Gaming Chairs. Warum nur sitzen alle auf Autosesseln?
Der Computernerd von früher saß auf irgendetwas: einem Hocker, einem Klappstuhl, einem Bürostuhl. Drehbar oder nicht – egal. Der Nerd ist ein Vielsitzer, kein Anspruchssitzer. Worauf man sich den Rücken beim Sitzen ruinierte, war immer egal, schon gar keine Stilfrage. Streamer und Gamer der Jetzt-Generation beantworten die Frage aber ganz anders: ein Autositz muss es sein, ein dynamischer Sessel, die Cockpit-Bestuhlung der Rennfahrer, der Piloten und Astronauten. Ein Gaming Stuhl oder englisch Gaming Chair. Das „im Bildschirm“ muss sich „vor dem Bildschirm“ widerspiegeln. Der Gamer und Streamer von Welt wählt den Autositz.
Wenn man etwas recherchiert, wie das alles mal anfing, dann kann man in der eigenen Erinnerung anfangen. Denn wo waren einem diese Autositze zuerst aufgefallen? Genau: beim Fußball. Wie so viele Trends, ob bei Haarschnitten, Tattoos, Brillen oder Taschen – der Fußball-Profi gibt den Ton an, legt vor und der Fan zieht nach. Was der Ballsportler macht wird nur wenig später Mainstream. Fertig. So ist das eben.
Wo kommen die Gaming Stühle her? Vom Fußball.

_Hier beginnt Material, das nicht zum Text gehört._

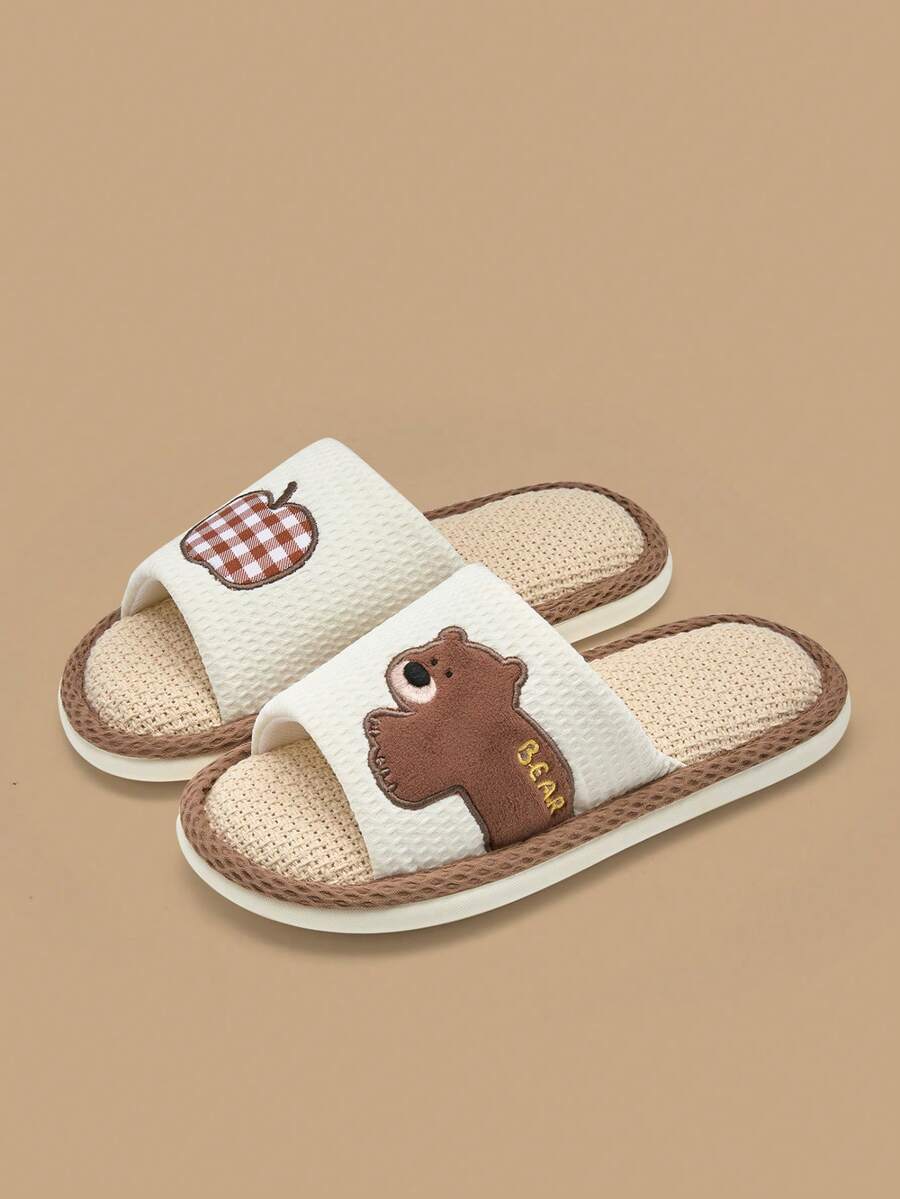 Linen Slippers For Women, Anti-Slip Breathable Cute Indoor All Season Absorbent Quiet Linen Couple Slippers, Summer - White - View 1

Wer zumindest hin und wieder in den späten 1990er Jahren Bundesliga-Fußball geschaut hat, dem ist damals aufgefallen, dass auf einmal die „Bankdrücker“ auf Autosesseln saßen. Hä? Fahren die wohin? Was soll das? Ah, okay, ein Placement. Denn ebenso auffällig wie die Autositze war der Schriftzug auf der Rückenlehne: „RECARO“. Macht ja Sinn: man platziert sich als Konzernmarke im Umfeld des Sports. Und statt einfach Bandenwerbung zu kaufen, macht man etwas, dass für die Marke typisch ist – man liefert einen Sitz. War irgendwie clever.

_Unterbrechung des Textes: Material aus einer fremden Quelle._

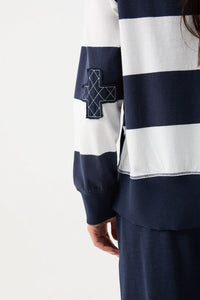 Cloth Paper Scissors Brushed Cotton Striped Sweater White/Parisian Night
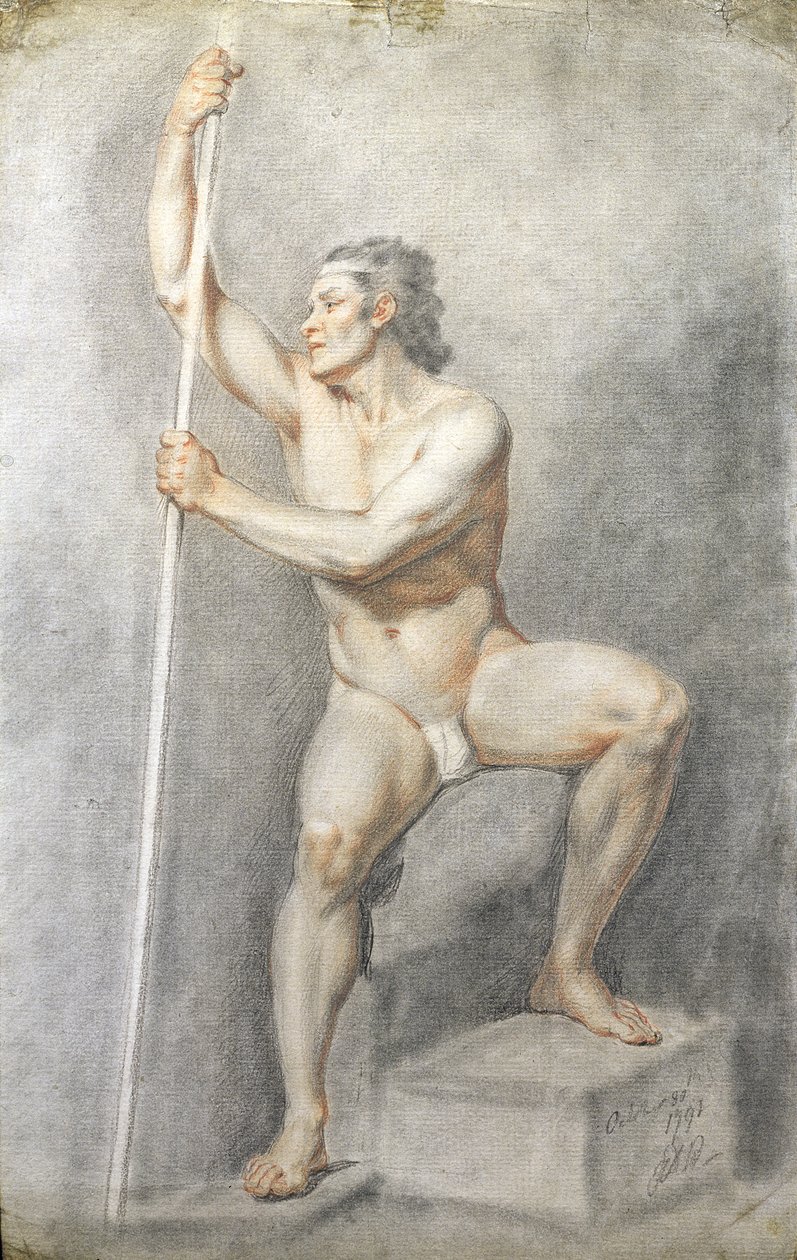 एक पुरुष न्यूड होल्डिंग स्टाफ, c.1770 (कागज पर रंगीन चाक) द्वारा अंग्रेजी स्कूल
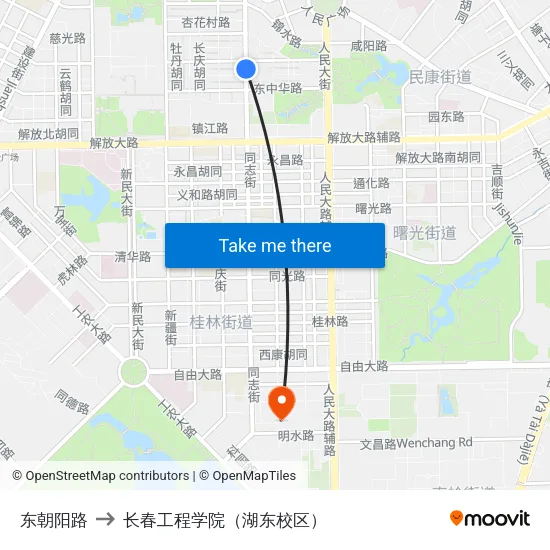 东朝阳路 to 长春工程学院（湖东校区） map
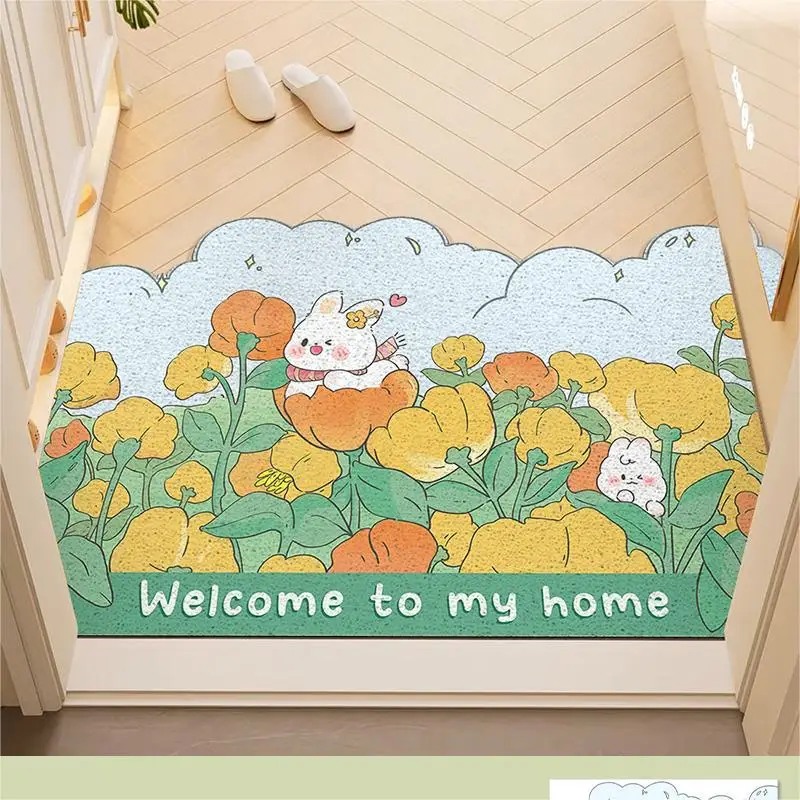 

Custom Tulip Doormat - Garden Design Non-Slip Silk Rug, Wear-Resistant Outdoor Entrance Mat, Personalized Home Decor Gift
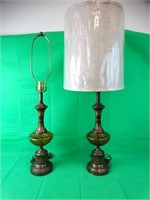 Vintage Amber Glass Lamps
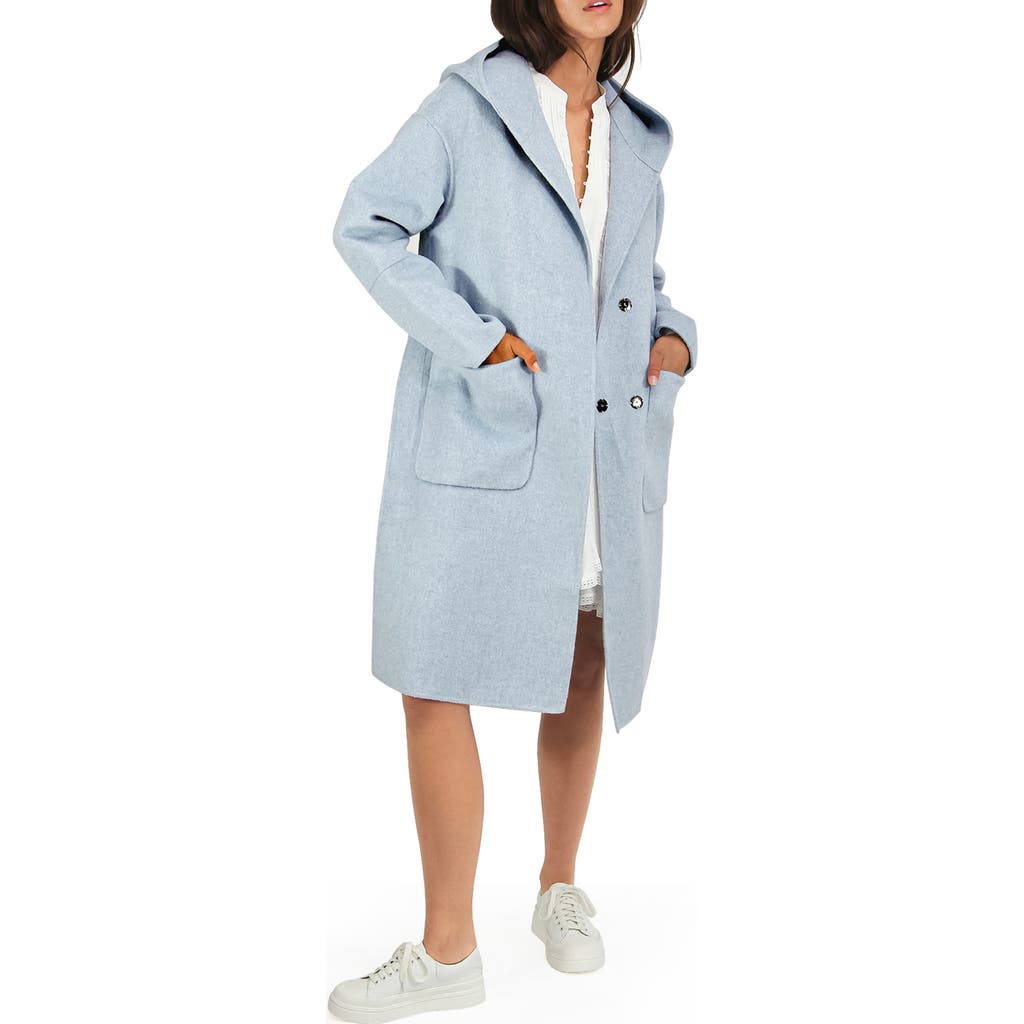 Belle & Bloom Walk This Way Wool Blend Coat In Blue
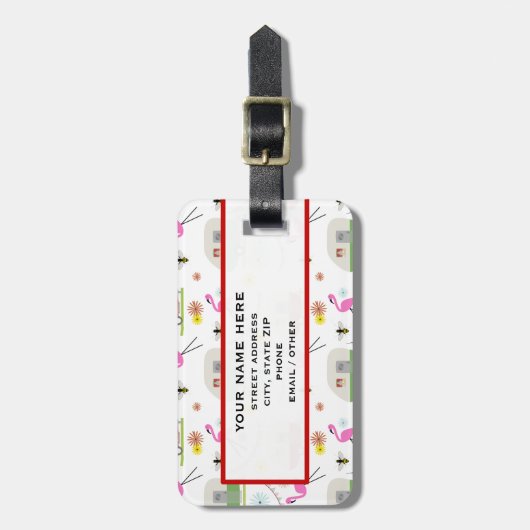 Retro Anhänger-u. Flamingo-Muster Gepäckanhänger (Vorderseite vertikal)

Einer, dem das auch aufgefallen ist, ist der Journalist David Tracy. Er hat für einen Artikel Recaro kontaktiert und gesagt bekommen, dass alles mit dem Teammanager des 1. FC Kaiserslautern begonnen hat. Karl-Heinz „Kalli“ Feldkamp hatte Rückenprobleme und er sprach darüber mit Ulrich Putsch aus dem Vorstand des Vereins. Putsch ist Gesellschafter der Recaro Unternehmensgruppe, zählte 1 und 1 zusammen und schlug vor, dass er vielleicht besser sitzen müsse, und zwar auf einem ergonomischen Autositz. Das wäre sicher seiner Gesundheit zuträglicher, als auf den bis dahin im Stadien montierten, kreuz-unbequemenen Plastik-Halbschalen-Sitzen.

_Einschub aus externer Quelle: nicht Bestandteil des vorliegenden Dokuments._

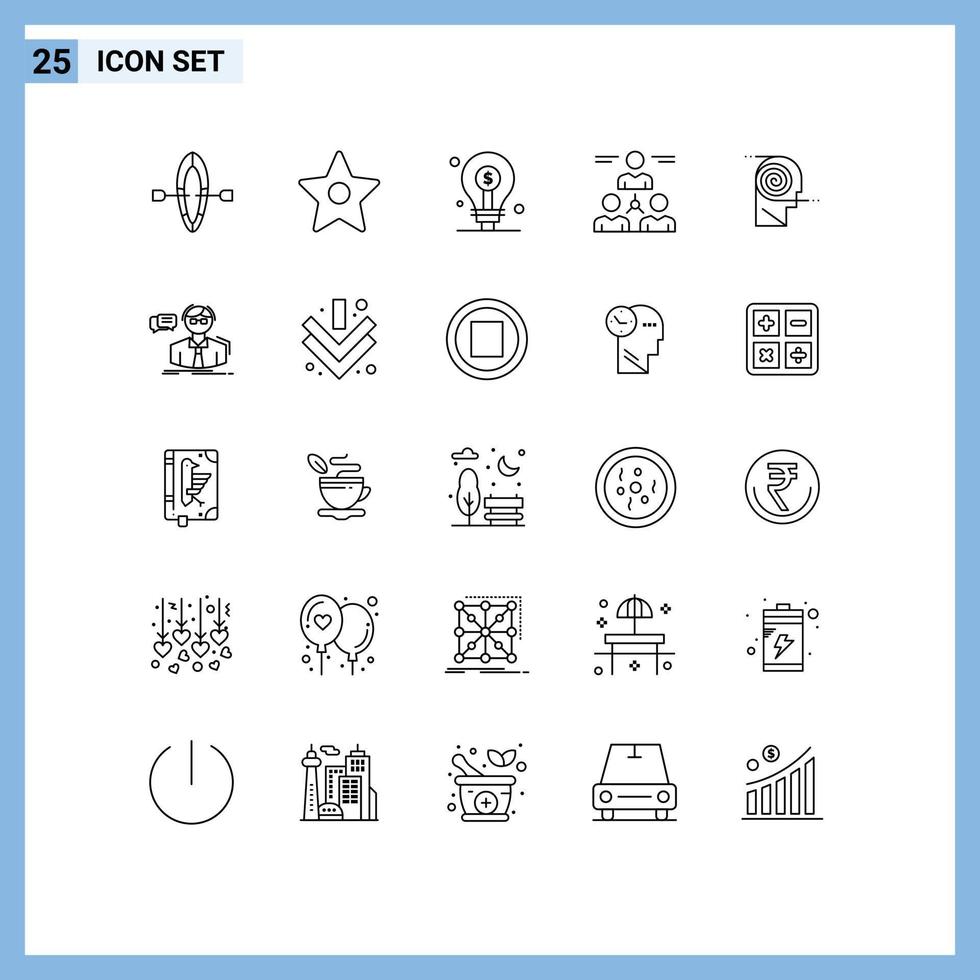 Group of 25 Modern Lines Set for comprehension man idea team user Editable Vector Design Elements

Das ist der Gründungsmythos des Gaming Chairs. Offenbar ist diese Legende aber so nebulös, dass sogar Recaro selbst die Geschichte etwas anders erzählt. Nach der offiziellen Firmenlegende begann zwar auch alles beim 1. FCK und mit Ulrich Putsch – aber der Mann mit den Rückenproblemen war nicht Kalli Feldkamp, der Manager, sondern Friedel Rausch, der Trainer. Wahr ist aber offenbar die Sache mit der Idee, dass ein guter Sessel dem Rücken zuträglich sein könnte und man daher den Stadionstuhl gegen einen Autosessel austauschte. Marketing Gold.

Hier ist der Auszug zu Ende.